• **Exercise description**
Every entry must be set down exactly in the answer; no pictures should appear.
--- START ---
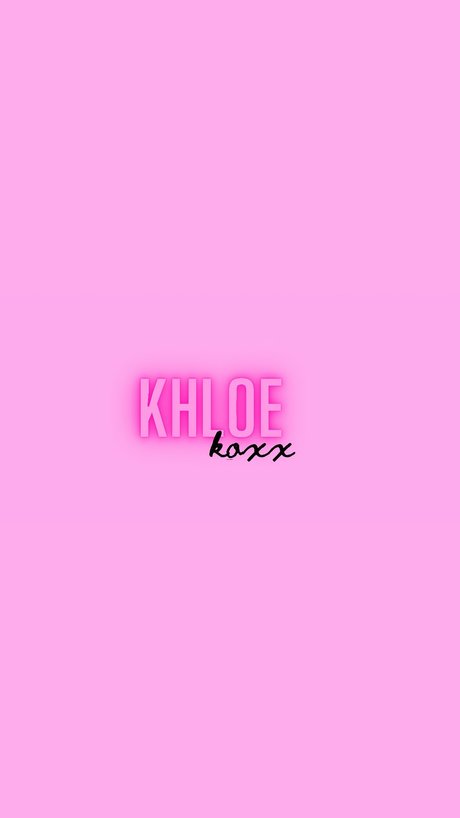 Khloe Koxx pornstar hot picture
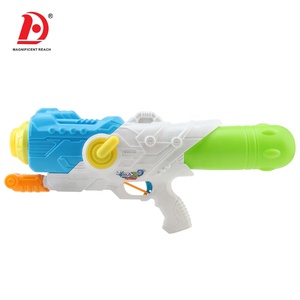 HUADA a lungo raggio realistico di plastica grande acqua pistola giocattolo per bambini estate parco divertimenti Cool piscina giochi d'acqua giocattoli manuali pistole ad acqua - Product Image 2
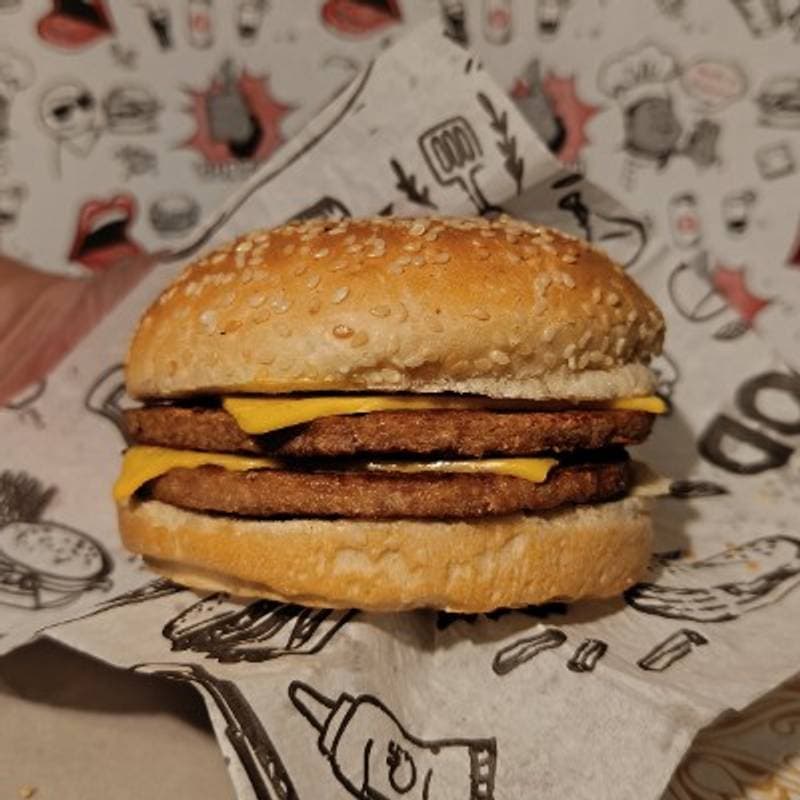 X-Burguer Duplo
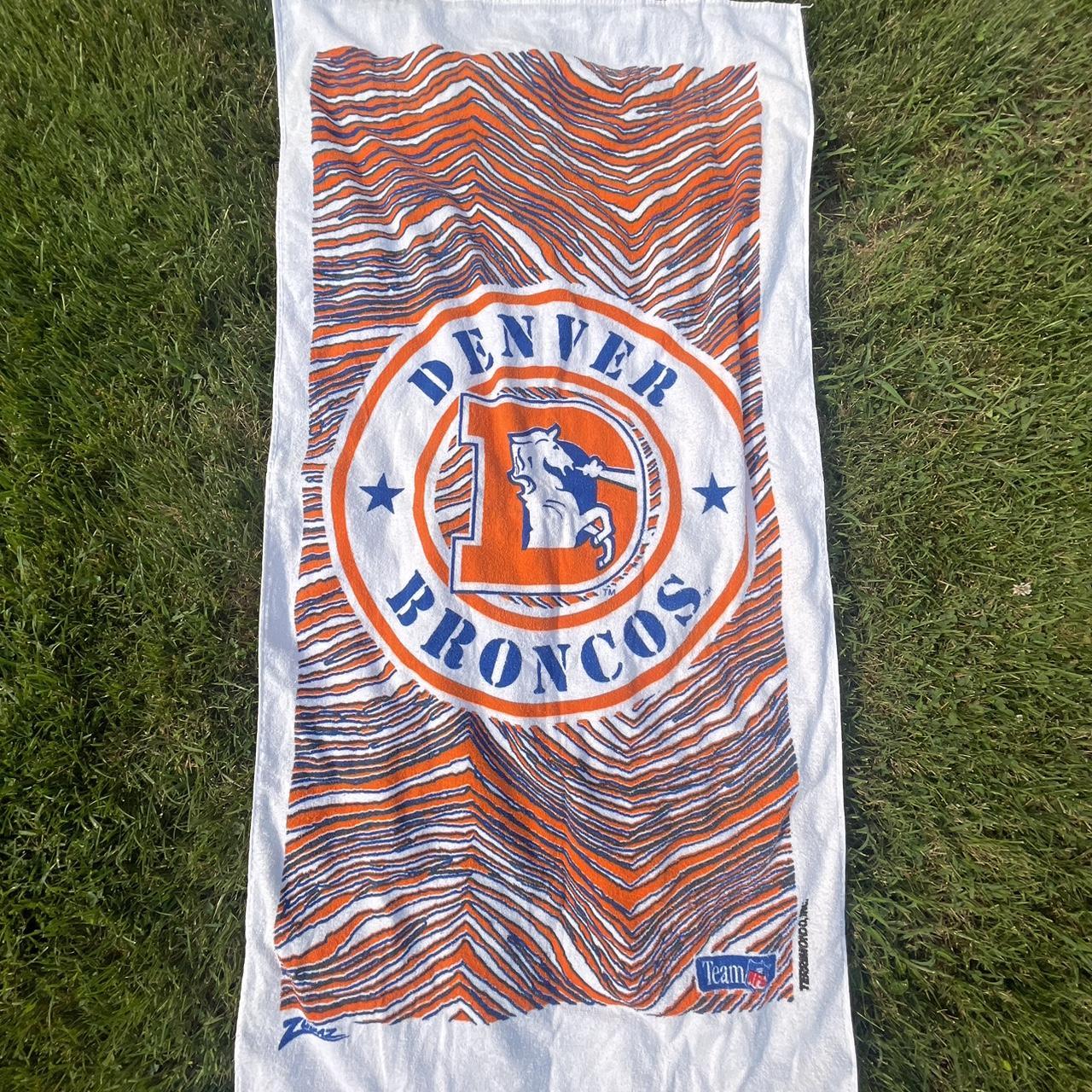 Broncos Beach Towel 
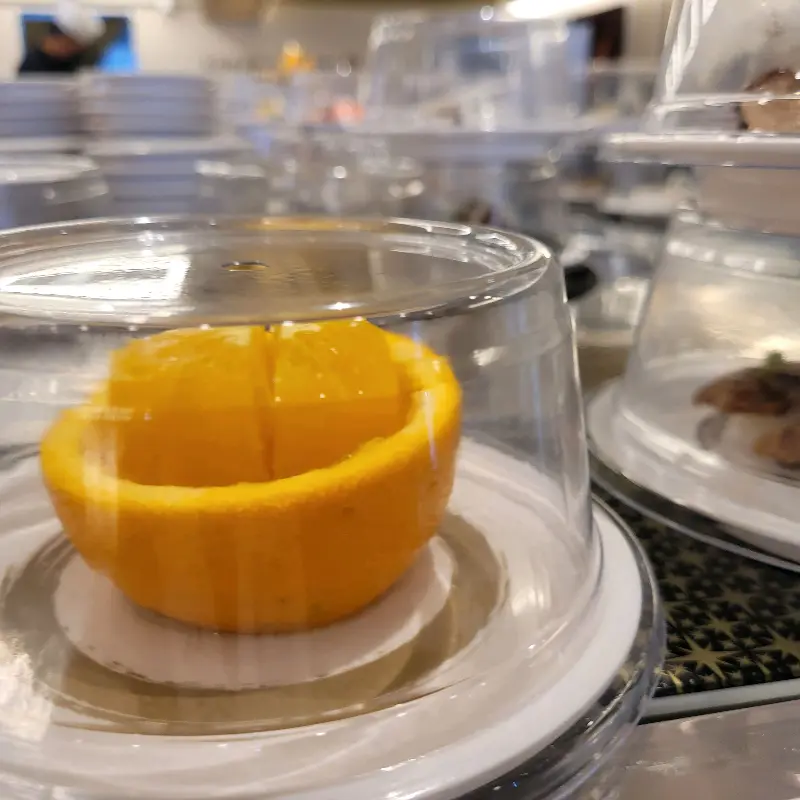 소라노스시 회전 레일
--- END ---
• **Task answer**
 Khloe Koxx pornstar hot picture
 HUADA a lungo raggio realistico di plastica grande acqua pistola giocattolo per bambini estate parco divertimenti Cool piscina giochi d'acqua giocattoli manuali pistole ad acqua - Product Image 2
 X-Burguer Duplo
 Broncos Beach Towel 
 소라노스시 회전 레일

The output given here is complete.